[PROBLEM TO SOLVE] Give a verbatim copy of the data, leaving the pictures out.
--- DATA IN THIS EXERCISE ---
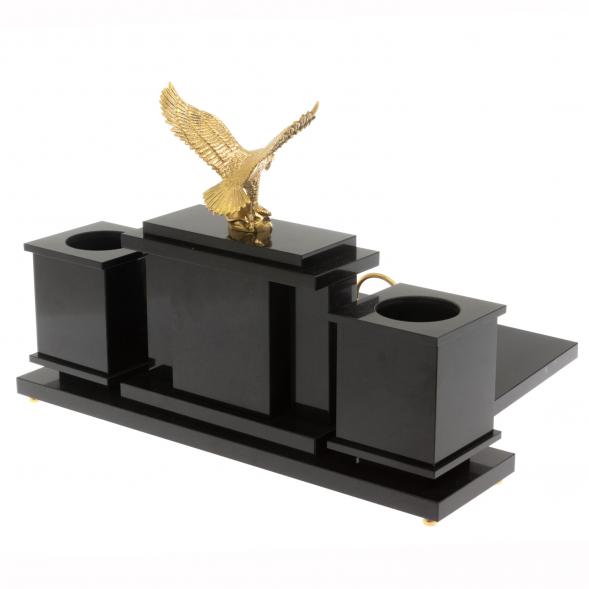 Настольный набор &amp;quot;Орел&amp;quot; из яшмы 129975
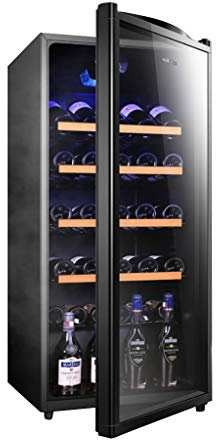Wine Enthusiast Silent Wine Refrigerator,Beverage Cooler and Refrigerator,Perfect for Soda Beer or Wine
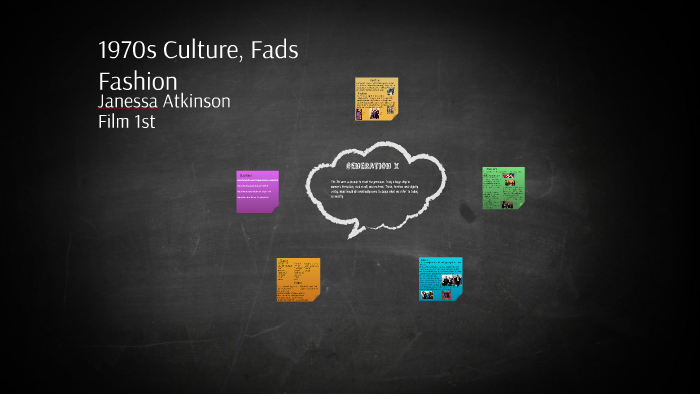 Culture, Fads, Fashion 1970’s by Janessa Atkinson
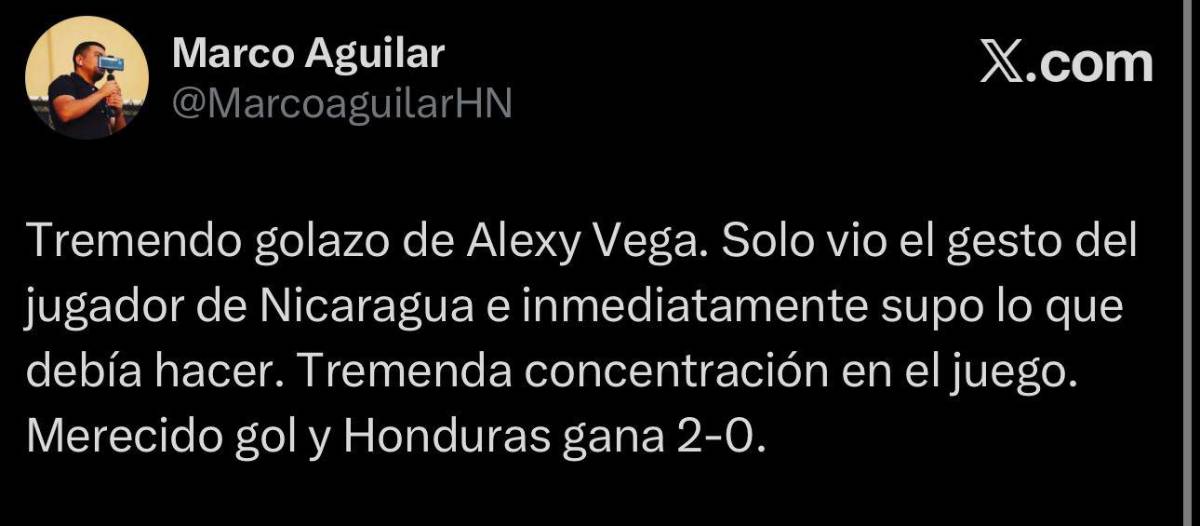 Es el mejor de Honduras Así se cierran bocas: la prensa hondureña alaba la actuación de Alexy Vega contra Nicaragua
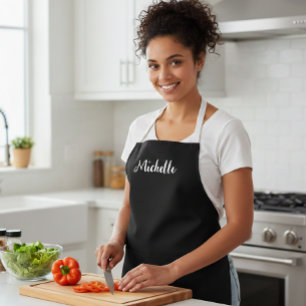 Personalized name, Custom barista apron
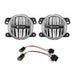 KC Hilites 506 Jeep JL/JT: Sahara G4 LED Clear Fog Sys - Truck Part Superstore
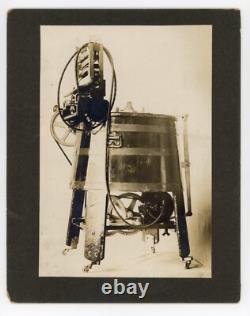Washing Machine Invention Two Photos by Hall's Photographers Newton, Iowa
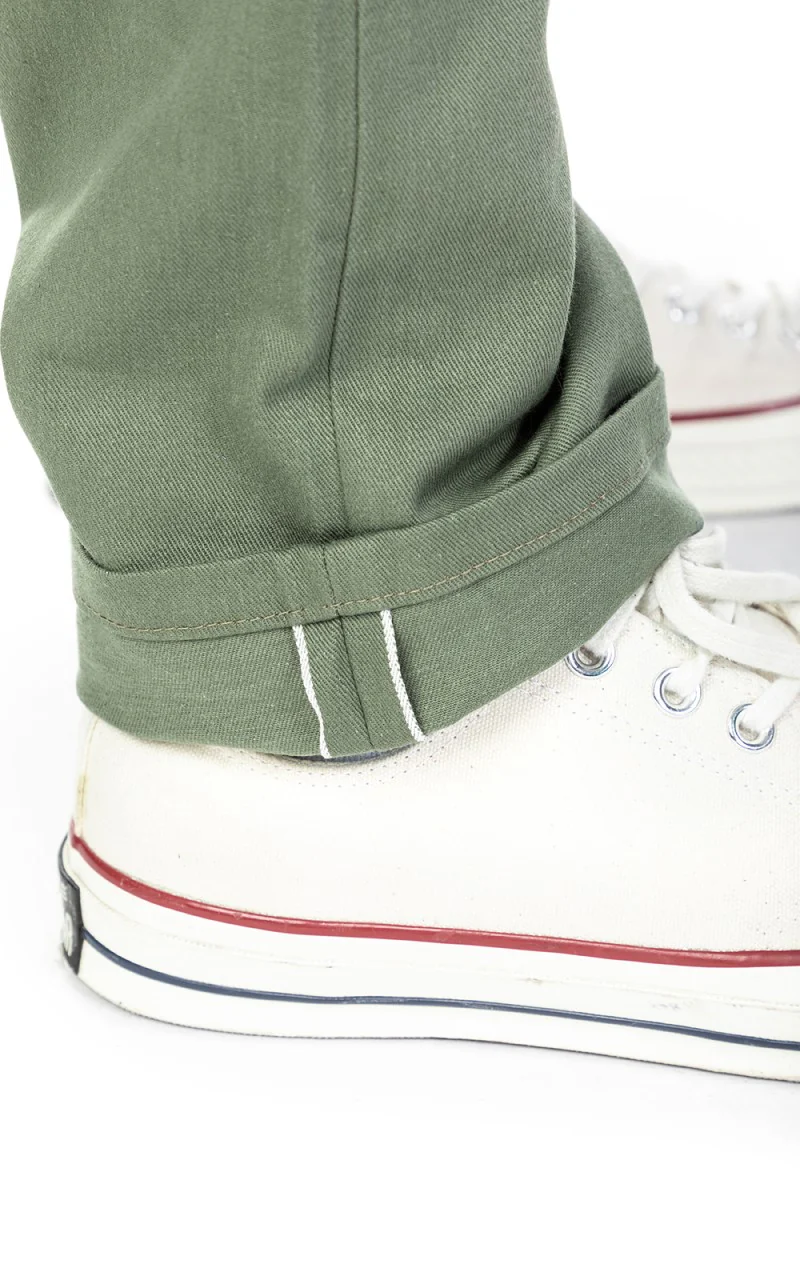 3sixteen CH-55x Selvedge Chino Olive - Image 6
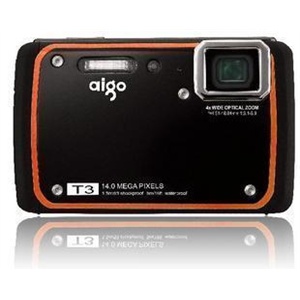 Aigo/爱国者 T3 1400万像素 三防数码相机 防水防尘防摔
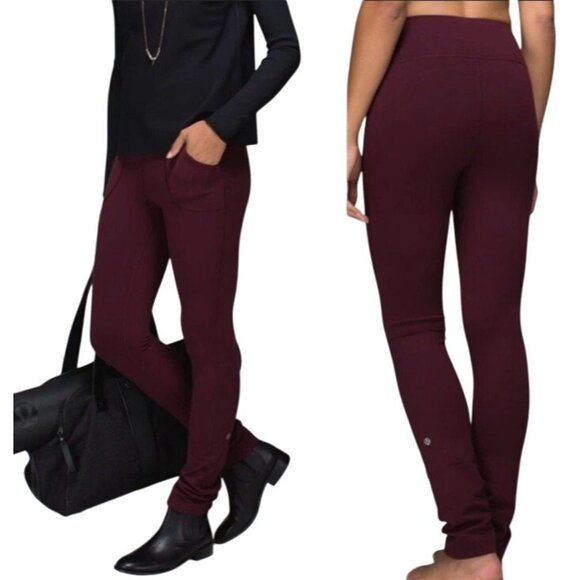 lululemon athletica Pants - Lululemon Size 4 Skinny Will Pant *Full-On Luon Bordeaux Drama Women’s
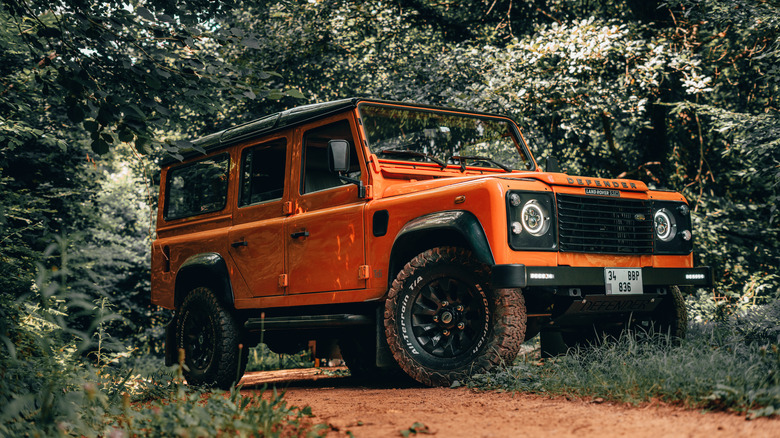 A Land Rover Defender Adventure Edition 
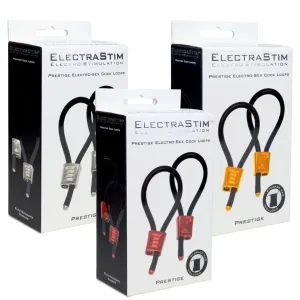 Prestige Electra Loops Verstellbare Cockringe Rot von Electrastim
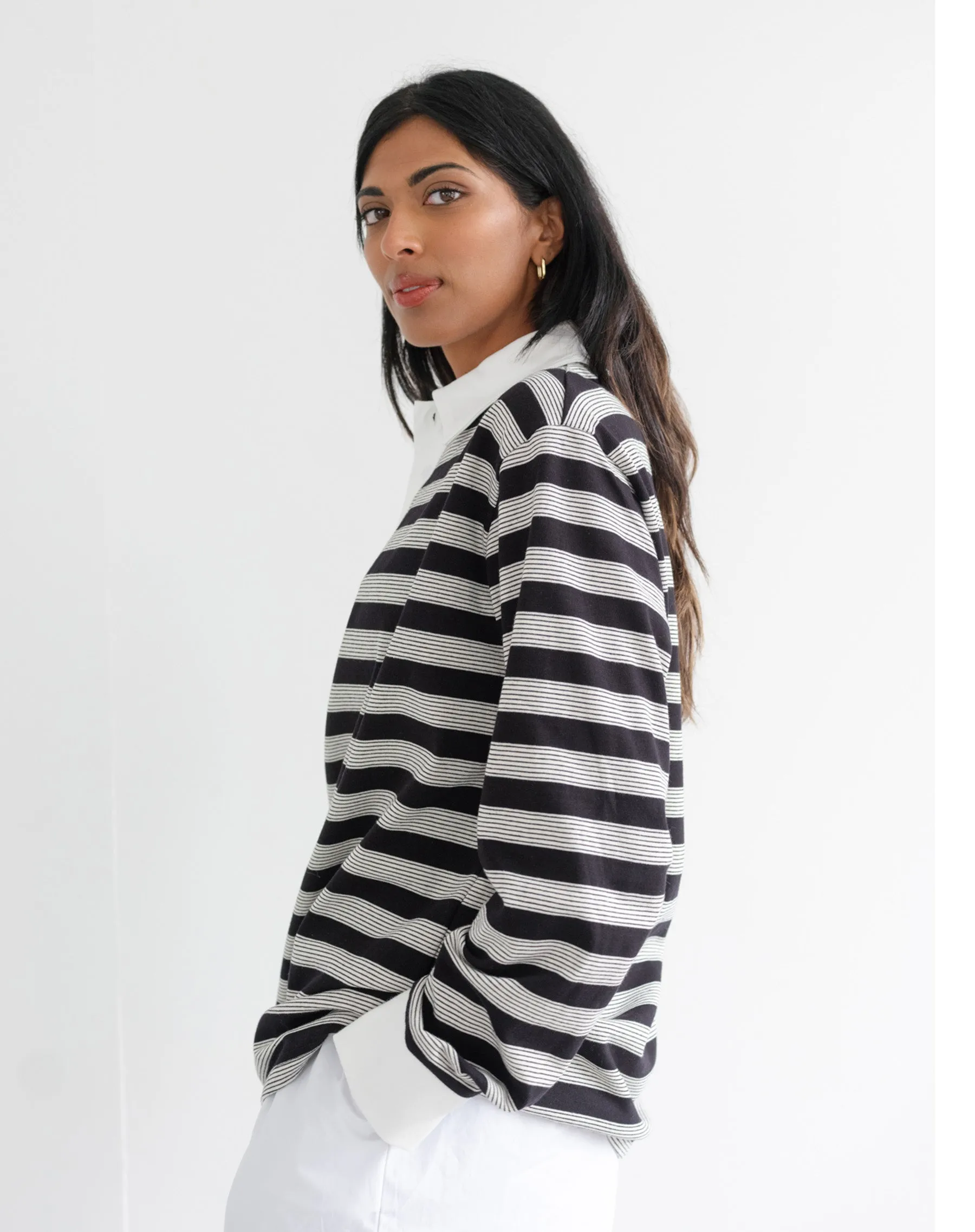 Striped Rugby Shirt sold by Brunette The Label product image thumbnail 3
---
[EXPECTED OUTPUT]
 Настольный набор &amp;quot;Орел&amp;quot; из яшмы 129975
Wine Enthusiast Silent Wine Refrigerator,Beverage Cooler and Refrigerator,Perfect for Soda Beer or Wine
 Culture, Fads, Fashion 1970’s by Janessa Atkinson
 Es el mejor de Honduras Así se cierran bocas: la prensa hondureña alaba la actuación de Alexy Vega contra Nicaragua
 Personalized name, Custom barista apron
 KC Hilites 506 Jeep JL/JT: Sahara G4 LED Clear Fog Sys - Truck Part Superstore
Washing Machine Invention Two Photos by Hall's Photographers Newton, Iowa
 3sixteen CH-55x Selvedge Chino Olive - Image 6
 Aigo/爱国者 T3 1400万像素 三防数码相机 防水防尘防摔
 lululemon athletica Pants - Lululemon Size 4 Skinny Will Pant *Full-On Luon Bordeaux Drama Women’s
 A Land Rover Defender Adventure Edition 
 Prestige Electra Loops Verstellbare Cockringe Rot von Electrastim
 Striped Rugby Shirt sold by Brunette The Label product image thumbnail 3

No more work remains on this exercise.